Leer | Efesios 4.30-32
Octubre 22, 2010
En una vida consagrada no hay lugar para el enojo constante, ya sea en forma de rabia o de resentimiento. La furia que nos endurece el corazón se convierte en un bastión de Satanás.
El método carnal para "curar" el enojo es, o bien darle rienda suelta (con la rabia), o bien suprimirlo (con el resentimiento). Ninguna de las dos cosas resuelven el problema, o hacen que la persona airada se sienta mejor. La manera en que Dios se ocupa de este peligroso sentimiento, elimina el enojo y hace libre al creyente. Como nos recuerda el pasaje de hoy, debemos dejar "toda amargura, enojo, ira, gritería y maledicencia" (v. 31). Pero para ello es necesario que reconozcamos que existe.
Ya sea que estemos molestos con nosotros mismos, con otra persona, o con Dios, tenemos que aceptar la responsabilidad por ese sentimiento. Pretender que no existe, o que de alguna manera uno nunca se aíra, no sirve de nada. Si siente algún enojo, reconózcalo y después identifique su origen. Saber quién o qué desató la furia puede evitar que la persona dirija mal su irritación contra alguien que es inocente.

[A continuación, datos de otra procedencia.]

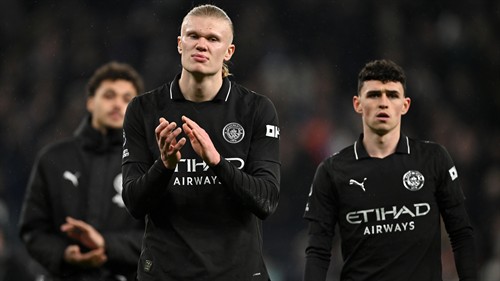'Fascinating in the Premier League!' - Pep Guardiola FUMES at decision to allow Dominic Solanke goal during Man City's collapse at Tottenham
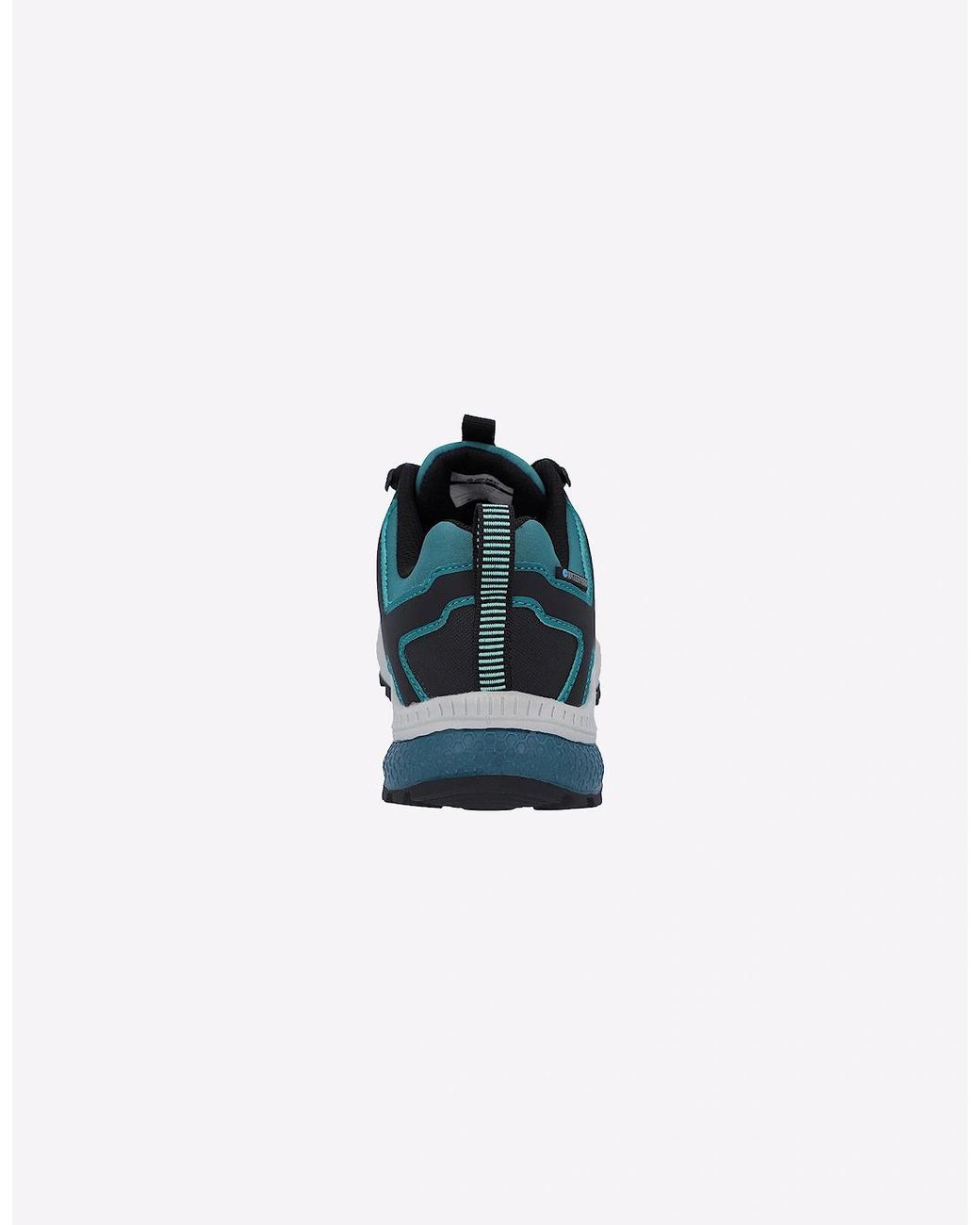 Hi-tec Blue Diamonde Low Waterproof Hiking Shoes Dragonfly//Florida Keys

He aquí algunas preguntas que le ayudarán a identificar el origen de su enojo:
- ¿Por qué estoy enojado?
- ¿Contra quién estoy enojado?
- ¿Qué me hizo sentir de esta manera?
- ¿Dónde o cuándo comenzó?
- ¿He estado enojado durante mucho tiempo?
Una vez que conozcamos la fuente de nuestro enojo, es tiempo de perdonar, sin importar qué. La furia y la falta de perdón van a menudo de la mano, y son un pesado fardo que le debilitarán. Dejar el enojo significa caminar en la voluntad de Él con paso ligero.